History would never forgive Bolívar for it. It was one thing for an untested soldier to become feral in the field; it was quite another for a liberator to exterminate a thousand chained prisoners. His war to the death had been difficult enough to justify. As time passed and the rest of the world learned of it, this mass execution would mark him as a brutal man.
EVEN SO, FOR THE MOMENT, the world had other things on its mind. By the middle of 1814, Napoleon had been reduced to a prisoner on Elba, Louis XVIII was busily restoring the French monarchy, and England was dusting itself off and looking to intensify its wan, two-year war against the United States of America. Within a few months, the British would invade Washington and set fire to the White House and U.S. Capitol, the flames of belligerence visible as far as thirty miles away. Rear Admiral George Cockburn pocketed a few knickknacks as he strolled through the deserted White House, then supped on the president’s wine and dined at Dolley Madison’s table before he ordered the presidential mansion torched. In Spain, King Ferdinand didn’t wait until he got to Madrid to start undoing the work of the Regency. He abolished the liberal 1812 Cádiz constitution, which had established, among other things, universal suffrage, freedom of the press, and free enterprise; after that, he arrested the leaders who had written it, reinstated the Inquisition, and began an iron rule. It was a vicious time.
For Bolívar, caught in the dust of stampeding llaneros, time seemed to be running out. To make matters worse, his enemy had molted, and no longer was it an orderly column in strict service to the Spanish crown. His new foe was massive, undisciplined, lawless, with no real love for King Ferdinand and his empire, and with no apparent agenda beyond rape and despoliation. Boves’s army had grown so large and fierce that his troops seemed to be everywhere at once, terrifying villages, violating women, sporting squirming babies on lances. The Spanish field marshal Manuel Cajigal, who headed the king’s militias and understood rules of battle, wrote to Boves, asking him to cease unnecessary cruelty and join his command. Boves’s response to Cajigal was blunt and unequivocal: he was the leader of the colored people, whose cause he championed. He had no superiors, answered to no one, and, once he was done exterminating patriots, he would come after Cajigal himself.
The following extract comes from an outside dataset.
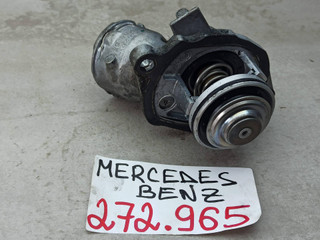 корпус термостата Mercedes-Benz S-Класс W221 [рестайлинг] 2010, 3.5 л., M 272.965, бензин, A2722000115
Although Mariño had joined Bolívar in earnest now, the two could not claim enough victories against the royalists to make significant gains. At first, there were encouraging moments—on the plains of Carabobo, for instance, when Bolívar and Ribas engaged General Cajigal’s army in a long and stubborn struggle. Nature itself seemed on the side of the patriots. Gunfire set the tall grasses of the savanna ablaze and a brisk wind blew blinding smoke into the Spaniards’ faces. Bolívar’s troops were able to outflank them, inflict punishing losses, and emerge with four thousand of the enemy’s horses. In the confusion, General Cajigal had no recourse but to flee on foot, wander the forests, eat wild fruit, and escape down the Orinoco to fight another day. What might have been luck for the patriots, however, was war as usual for Boves. The llaneros habitually used dust, wind, fire, smoke—even seasonal floods—to their advantage. They routed Bolívar decisively at La Puerta, they pushed him back until he was obliged to take refuge at his hacienda at San Mateo. And then the patriot troops seemed to vanish in insurmountable losses. The Legions of Hell took them easily at Valencia. Boves personally led the charge, storming the city at the head of his roaring horde.
When Valencia surrendered, Boves signed a treaty, even celebrated a Mass in church, assuring citizens they would be safe. The townspeople were stunned and deeply grateful. A Spanish general later recounted how, on the night of his victory, Boves invited the city’s matrons to dance the piquirico at a celebratory ball—convincing them that by doing so they would guarantee their husbands’ well-being. When they resisted, he took out his lash and made them dance by force; then, sufficiently amused, he beheaded them all. Within days, his multitudes were riding toward the capital, sending its citizens into paroxysms of fear and forcing Bolívar to contemplate a major evacuation. The Liberator called for a sweep of all the precious silver and gold objects in the city’s churches, impounded the republic’s treasury, put all of it in twenty-four trunks, and ordered them shipped out at once to Mariño’s republican stronghold in the east. Mariño had assured Bolívar that in Barcelona, his domain on the coast, the patriots would be out of harm’s way.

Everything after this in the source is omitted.